### [Extracted information]
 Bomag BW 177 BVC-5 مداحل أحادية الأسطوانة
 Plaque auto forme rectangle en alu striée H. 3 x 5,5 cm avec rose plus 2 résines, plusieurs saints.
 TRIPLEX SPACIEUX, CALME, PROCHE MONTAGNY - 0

--

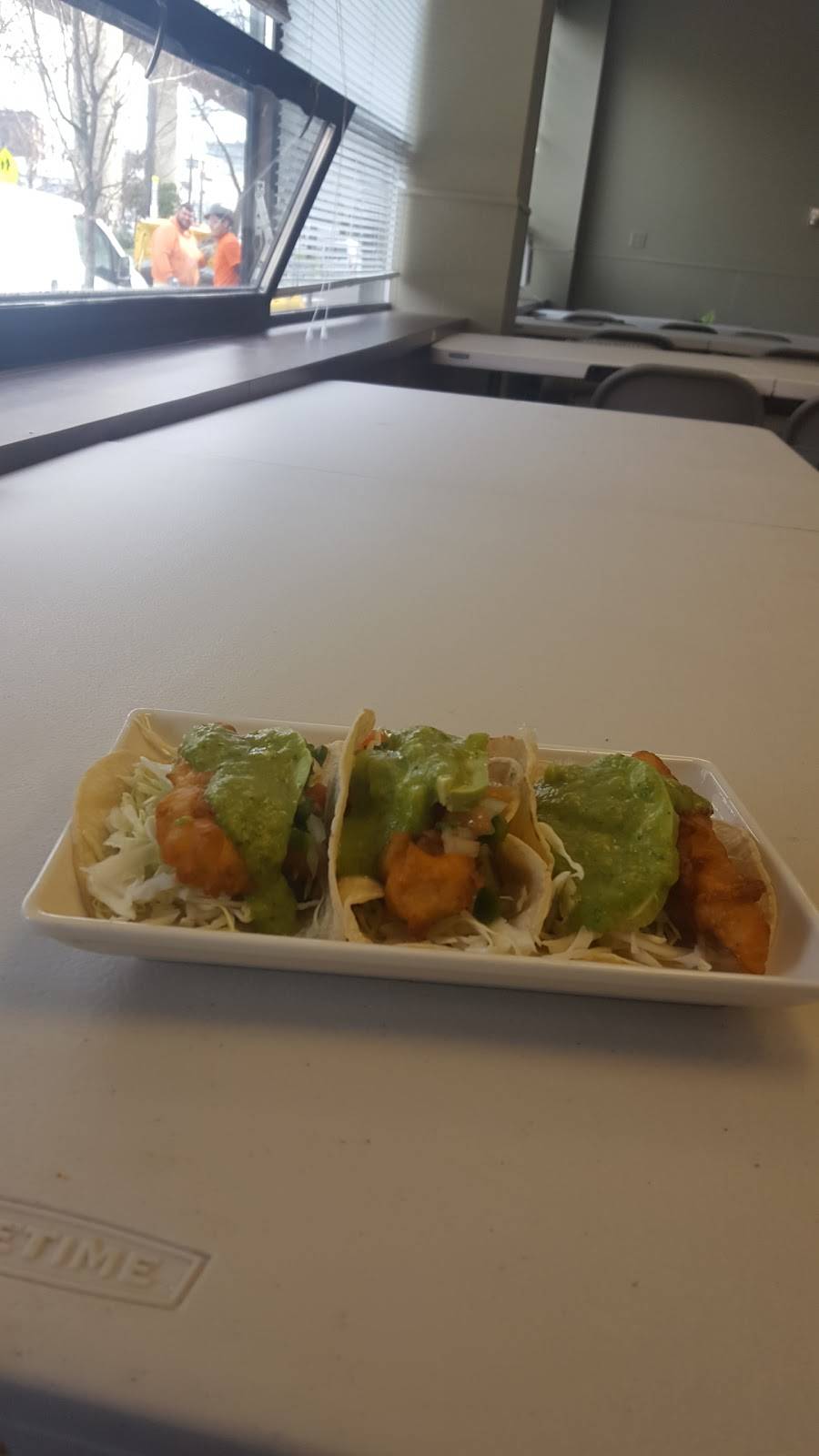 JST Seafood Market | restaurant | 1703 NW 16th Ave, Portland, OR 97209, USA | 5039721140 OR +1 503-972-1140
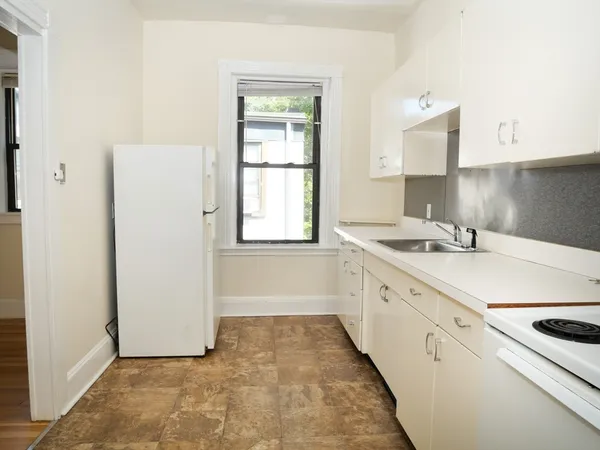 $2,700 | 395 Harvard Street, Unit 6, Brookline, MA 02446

### [Problem statement]
Output exactly the lines of the material above from the one containing "Bomag BW 177 BVC-5 مداحل أحادية الأسطوانة" up to and including the one containing "TRIPLEX SPACIEUX, CALME, PROCHE MONTAGNY - 0".

### [Answer space]
 Bomag BW 177 BVC-5 مداحل أحادية الأسطوانة
 Plaque auto forme rectangle en alu striée H. 3 x 5,5 cm avec rose plus 2 résines, plusieurs saints.
 TRIPLEX SPACIEUX, CALME, PROCHE MONTAGNY - 0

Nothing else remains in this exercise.